Gianpietro Zecchin

Personal information
- Date of birth: 5 May 1983 (age 42)
- Place of birth: Camposampiero, Italy
- Height: 1.68 m (5 ft 6 in)
- Position: Left Midfielder

Team information
- Current team: Mestre (head coach)

Youth career
- Padova

Senior career*
- Years: Team / Apps / (Gls)
- 2001–2007: Padova / 113 / (17)
- 2001–2003: → Südtirol (loan) / 63 / (12)
- 2007–2009: Grosseto / 21 / (0)
- 2008–2009: → Ravenna (loan) / 26 / (3)
- 2009–2015: Varese / 192 / (19)
- 2016: Campodarsego / 9 / (0)
- 2016–2018: Mestre / 42 / (5)

International career
- 2003–2004: Italy U20 "C"

Managerial career
- 2018–2021: Mestre
- 2021: Manzanese
- 2021–: Mestre

= Gianpietro Zecchin =

Italian footballer and coach

Gianpietro Zecchin (born 5 May 1983) is an Italian football coach and a former player. He is the head coach of Mestre.

==Biography==
Born in Camposampiero, the province of Padua (Padova), Veneto, Zecchin started his career at Calcio Padova.
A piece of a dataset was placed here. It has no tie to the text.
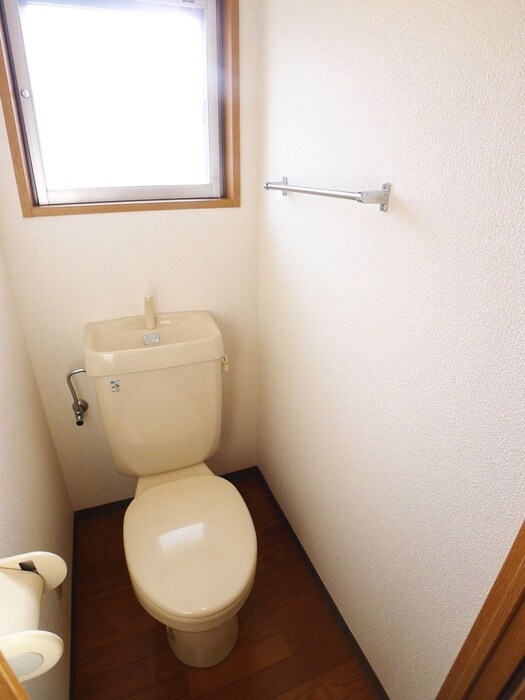 物件内観写真12　(トイレ)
After the club promoted to Serie C1 in 2001, Zecchin spent 2 seasons in Serie C2 club South Tyrol. In 2003 Zecchin returned to the city of Padua and spent 4 seasons. However the club failed to promote to Serie B from Serie C1. In June 2006 Zecchin signed a new 2-year contract and again in late August 2007 However, on 30 August 2007 Zecchin was sold to Serie B club Grosseto in co-ownership deal. Zecchin played 21 times in his first Serie B season, mainly as substitutes. In June 2008 Grosseto bought Zecchin outright. In August 2008 Zecchin left for 2008–09 Lega Pro Prima Divisione newcomer Ravenna, which the team just relegated from the second division. In August 2009 Zecchin moved to another third division club Varese in temporary deal, where he won his first promotion to Serie B. In June 2010 Varese bought Zecchin outright. Since promoted Varese almost promoted again 2012 (losing finalists of promotion playoffs). In August 2012 Zecchin added one more year to his contract to last until 30 June 2014.

==Coaching career==
After being offered a role as the head coach of Mestre, Zecchin retired and accepted the offer. He was officially appointed as the club's new head coach on 16 July 2018.

On 19 June 2021, he moved to Manzanese, which was forced to drop down to Eccellenza despite qualifying for the Serie D promotion play-offs in the previous season for financial reasons.

On 16 October 2021, he returned to Mestre.